Dickinson's low debt of $3.1 million has put the city in a prime position to handle upcoming expenses for infrastructure, officials said Friday.
"It shows that the city of Dickinson is basically debt-free," Dickinson City Commissioner Carson Steiner said. "We will have room to get out and get some bonds to help pay for those things. I think any city in the state would love to have those numbers."
The report was prepared by City Administrator Shawn Kessel and was based on information collected by the North Dakota Legislative Council. Dickinson, Williston, Minot, Fargo, West Fargo and Mandan voluntarily gave the council debt amounts, and Dickinson was the lowest of the six cities.
"From cities that I have had experience in, whether it's in Minnesota, North Dakota or Montana, that's a fairly low number," said Andy Peterson, North Dakota Chamber of Commerce president.
Dickinson's debt per capita is less than $175, according to the committee. That number is based on the 2010 Census. Since more people have to the area in response to a second oil boom, the actual debt per capita is lower," Kessel said.
"Our population is around 21,000," he said. "It's absolutely amazing when you think about the debt structure that we have."
Kessel said the city's debt has been low for the last few years.
Cities use debt as a tool plan for projects and to get bonds, Peterson said, adding cities need to use debt effectively, and planning is key.
"They're experiencing a lot of people coming to town. They are experiencing a lot of businesses coming to town," Peterson said. "Where do we want to be five years, 10 years down the road? Now is the time for those discussions and it sounds as if they're starting to have those kinds of things."
Dickinson had special assessment debt from an oil boom in the 1980s, which was defaulted on, Kessel said.
"The city took that debt and had to deal with it, and it was about $20 million," he said. "If you don't have that kind of debt, that means it puts the city at very little risk or the citizens at very little risk for default."
Dickinson will pay off its debt for the West River Community Center this year. The $12 million project opened May 14, 2004. Dickinson residents also voted in 2008 to contribute $6 million in sales tax to the Badlands Activities Center. The $16 million center opened in June 2010.
Dickinson is expected to accumulate $21.5 million over the next two years, according to the committee.
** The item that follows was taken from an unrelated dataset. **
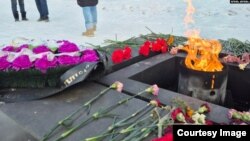 Цветы у Вечного огня на акции движения "Путь домой"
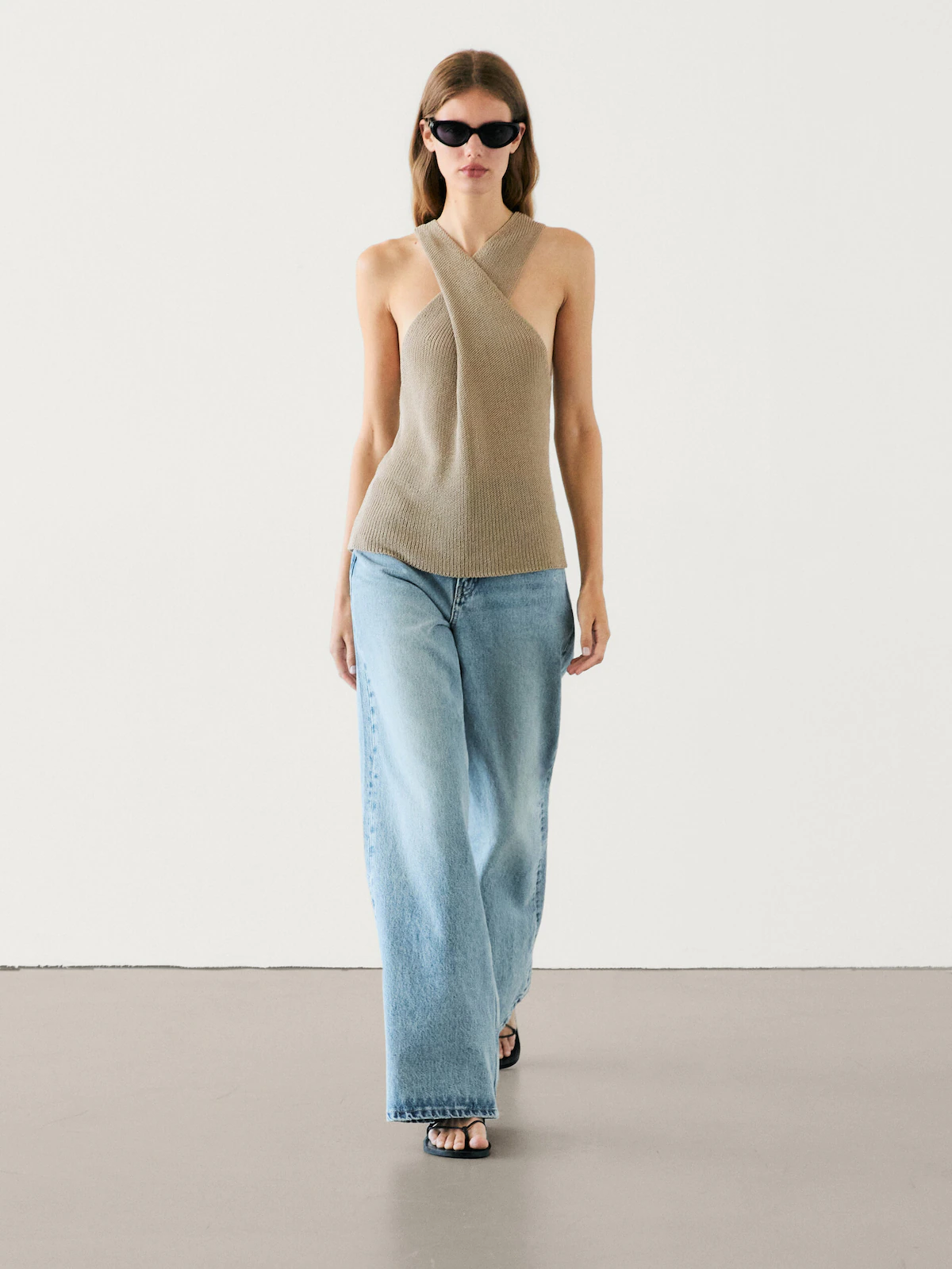 11 tops preciosos de Zara, Stradivarius y Pull Bear con los que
Projects include the $33.5 million wastewater treatment facility, which is scheduled to be completed in June 2014. The per capita debt is expected to be about $1,383 in two years.
"It puts us at a per capita as still being the lowest of all those cities that are represented on that chart, which, of course, are most of the population centers in North Dakota," Kessel said. "Even with that debt, which is still not significant when you compare it to the others, (it) will be low."
The wastewater treatment facility will not present general obligation debt, Kessel added.
Past and current employees deserve credit for keeping the debt low, Kessel said.
"We have one of the strongest balance sheets in North Dakota," he said. "That means we are able to weather any unforeseen things like the tornado three years ago. Hopefully that makes people feel more comfortable."